To sack so good-natured a character for an imbecile remark in a private conversation, and cause her far more distress than she herself could have caused, is in its comparatively trifling way as absurd a misjudgement as the refusal to screen the Gaza appeal. These errors are symptoms of the illness paralysing this last great national institution like some kind of motor neurone disease of the soul. It is the pathological terror of causing offence, and it seems to me far more lethal and pernicious than the casual insensitivity to causing offence of Carol and her ilk.

In her case it was the fury of the liberal left the Beeb acted to avoid, and with Gaza the outrage of the illiberal right, so in this regard we can discern some kind of balance. But then it's hard to think of any group of which the BBC isn't scared to death these days, other of course than that shrinking, squealing band of us who watch its disintegration with breaking hearts. For there's a dreadful, ominous sense, mounting and solidifying up all the time, that the BBC as we knew and adored is dying; that the rank cowardice inherent in these pitiful errors has become so corrosive and endemic among its management that the decline is irreversible.

If we are witnessing an assisted suicide in slow motion, there's no knowing precisely when the Swiss clinic will finish the job, but no doubting when the work began. This systemic loss of nerve stems directly from the specific loss of nerve whose fifth anniversary just passed, when Greg Dyke and Gavyn Davies were meekly bounced into resigning in the immediate aftermath of Lord Hutton publishing his unspeakable report.

That initial surrender to bullying opened the floodgates for so many more that the official BBC flag would now be a white flag on a white background were it not for an internal commission warning Mark Thompson that the design might be interpreted as offensively racist.

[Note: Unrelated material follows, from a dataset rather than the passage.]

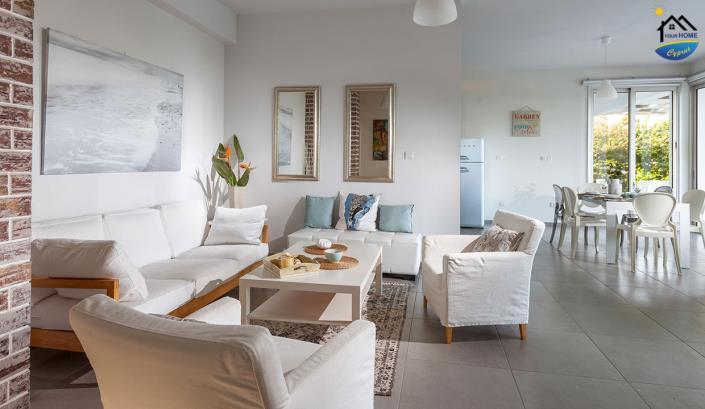 Image No.2-Villa de 8 chambres à vendre à Protaras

If Carol Thatcher is too lazy to outgrow the casual assumptions of her generation and background, those who sacked her are craven apparatchiks who yield to panic before even attempting to distinguish between the daft and the malicious. This isn't exactly a banquet of choice, but of the two I know which I'd rather carried on working in a building to which staff inexplicably still refer, despite the pre-apartheid South African roots, as White City.